Media

A Few Words About Mark Lamster’s Recent Work in the DMN

We've seen some weird, wonderful stuff.

Above all, North Texas is fortunate to have architecture critic Mark Lamster writing in the pages of the Dallas Morning News. I want to make that clear. There are too many large American cities that don’t have a voice like his helping readers understand how their lives are shaped by the concrete poured around them.

In January, when he argued that it is time to close the Triple Overpass and create a space dedicated to confronting racism, I thought he was nutty. It took me a few months. I went back and reread that piece earlier this week and now see how prescient it was. It’s a stunning idea, actually. And Dallas should explore it.

Today, Lamster published a story about the old Dawson State Jail and what the Trinity Park Conservancy plans to do with it (and with a new park on the banks of the river). “It will take quite a bit of imagination to remake Dawson,” Lamster wrote, “which is not so much a work of architecture as an obscenity in three dimensions.” Read the piece. It’s sharp and insightful.

But now I want to pick on something. Last weekend, the DMN published in print Lamster’s story about the Rolex building. I’m not sure what happened. Maybe Lamster, like the rest of us sometimes do, was having a bad pandemic day when he wrote it. I’m not saying the piece was bad. Not at all. It’s just that Lamster made some interesting choices, the sort of choices that suggest the consumption of gin for breakfast.

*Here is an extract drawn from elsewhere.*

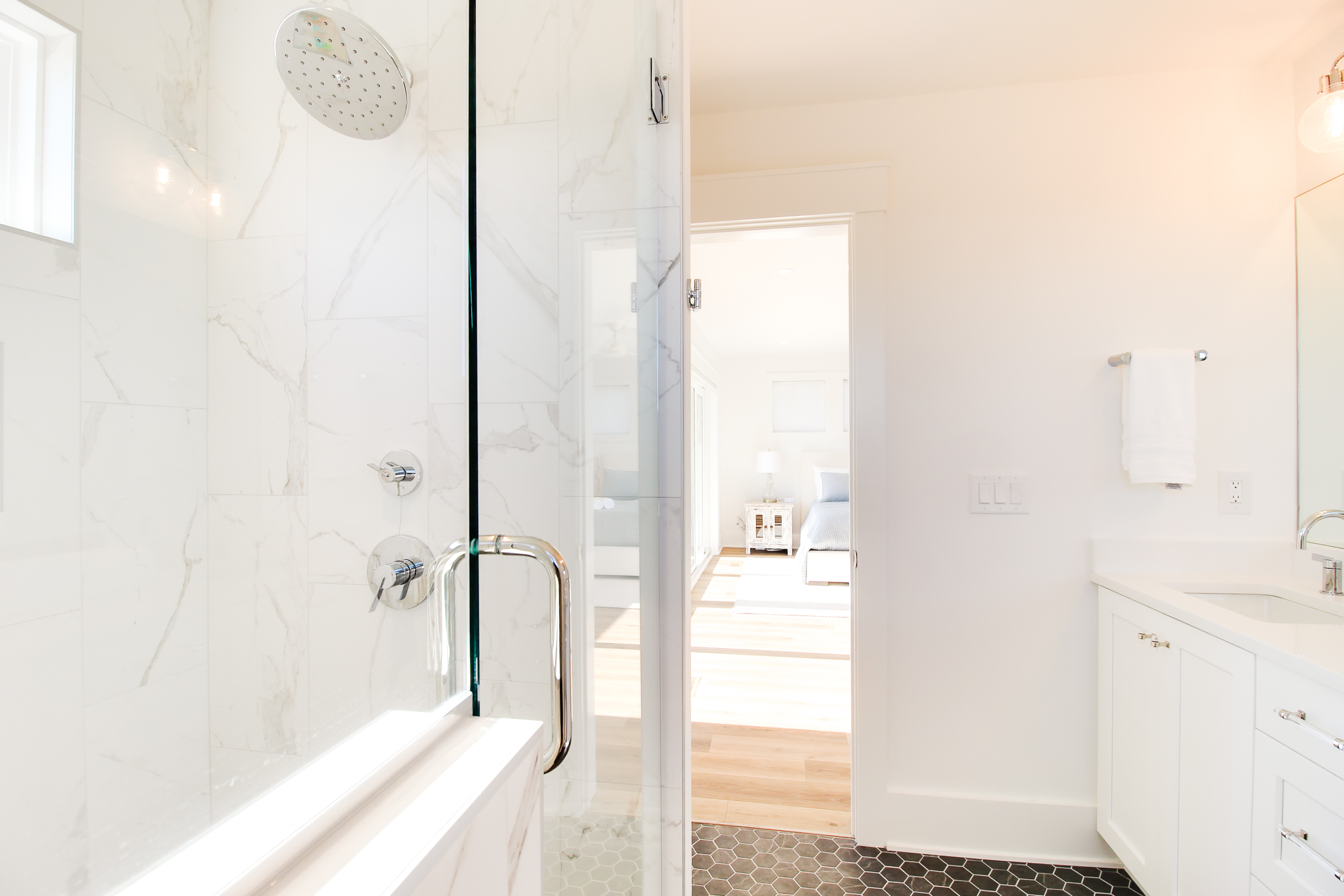 Bathroom 1 - Master Ensuite Full Bathroom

Rather than write a straight-ahead story about this cool building (a wall around part of the building was constructed with traditional Japanese methods by a 15th-generation stonemason), Lamster instead concocted this notion that the building could serve as the headquarters for five superheroes, which superheroes he then invented. One of them is Trinity, whose superpower is spraying toxic water. Another is Pegasus, whose superpower is transforming into a flying horse.

So then the review of the Rolex building is written as a conversation between Peg and a real estate agent giving the superhero horse a tour of the potential new headquarters.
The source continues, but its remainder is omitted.